22 Lesson 6a: Conditional statements

Conditional statements are a key part of any programming language. Their purpose is to evaluate if some condition holds and then execute a particular task depending on the result. In this lesson we’ll perform some basic if and if-else conditional assessments and then build on those by adding multiple conditional assessments and also look at vectorized approaches.


22.1 Learning objectives

By the end of this lesson you will be able to:

  1. Apply basic if and if...else statements.
  2. Add multiple conditional assessments.
  3. Apply non-vectorized and vectorized conditional statements.
  4. Incorporate these approaches for data mining data frames.

22.2 Prerequisites

Many base R functions exist to perform control statements; however, we can also perform extensions of control statements using functions in the tidyverse package.

library(tidyverse)

To illustrate various control tasks we will use the Complete Journey customer transaction data.

transactions <- completejourney::transactions_sample

22.3 if statement

The conditional if statement is used to test an expression. If the test_expression is TRUE, the statement gets executed. But if it’s FALSE, nothing happens.

# syntax of if statement
if (test_expression) {
   statement
}

Say, for example, that we want R to print a message depending on the value of x:

set.seed(10)
x <- runif(1)

If the condition is TRUE then the statement within the brackets is executed:

if (x > .5) {
  paste("x equals", round(x, 2), "which is greater than 0.5")
}
## [1] "x equals 0.51 which is greater than 0.5"

However, if the condition is FALSE then the statement is not executed:

if (x > .7) {
  paste("x equals", round(x, 2), "which is greater than 0.7")
}

Now say you have a vector of values that you would like to test. One would think you would just perform the following; however, you can see that you will get an error:

x <- c(8, 3, -2, 5)

if (x < 0) {
  print("x contains a negative number")
}
## Error in if (x < 0) {: the condition has length > 1

This is because if() is not vectorized and it seeks to assess a single logical condition. To assess if a condition holds among multiple inputs, use any() or all().
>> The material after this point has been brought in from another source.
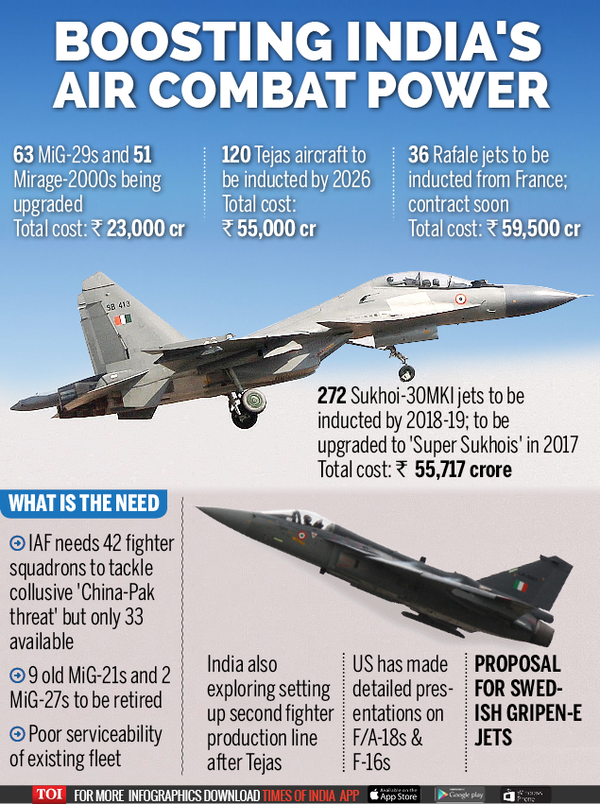 India starts talks with Russia for 'Super Sukhois' | India News - Times ...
any() looks to see if at least one value in the vector meets the condition:

any(x < 0)
## [1] TRUE

if(any(x < 0)) {
  print("x contains a negative number")
}
## [1] "x contains a negative number"

While all() looks to see if all values in the vector meets the condition:

all(x < 0)
## [1] FALSE

if (all(x < 0)) {
  print("x contains a negative number")
}

There are actually two ways to write this if statement; since the body of the statement is only one line you can write it with or without curly braces. I recommend getting in the habit of using curly braces, that way if you build onto if statements with additional functions in the body or add an else statement later you will not run into issues with unexpected code procedures.

# without curly braces
if(any(x < 0)) print("x contains negative numbers")
## [1] "x contains negative numbers"

# with curly braces produces same result
if (any(x < 0)) {
   print("x contains negative numbers")
}
## [1] "x contains negative numbers"


22.3.1 Knowledge check

Fill in the following code chunk so that:

  • If month has value 1-9 the file name printed out will be “data/Month-0X.csv”
  • What happens if the month value is 10-12?
month <- 4

if (month _____) {
  paste0("data/", "Month-0", month, ".csv")
}


22.4 ifelse statement

The conditional if...else statement is used to test an expression similar to the if statement. However, rather than nothing happening if the test_expression is FALSE, the else part of the function will be evaluated.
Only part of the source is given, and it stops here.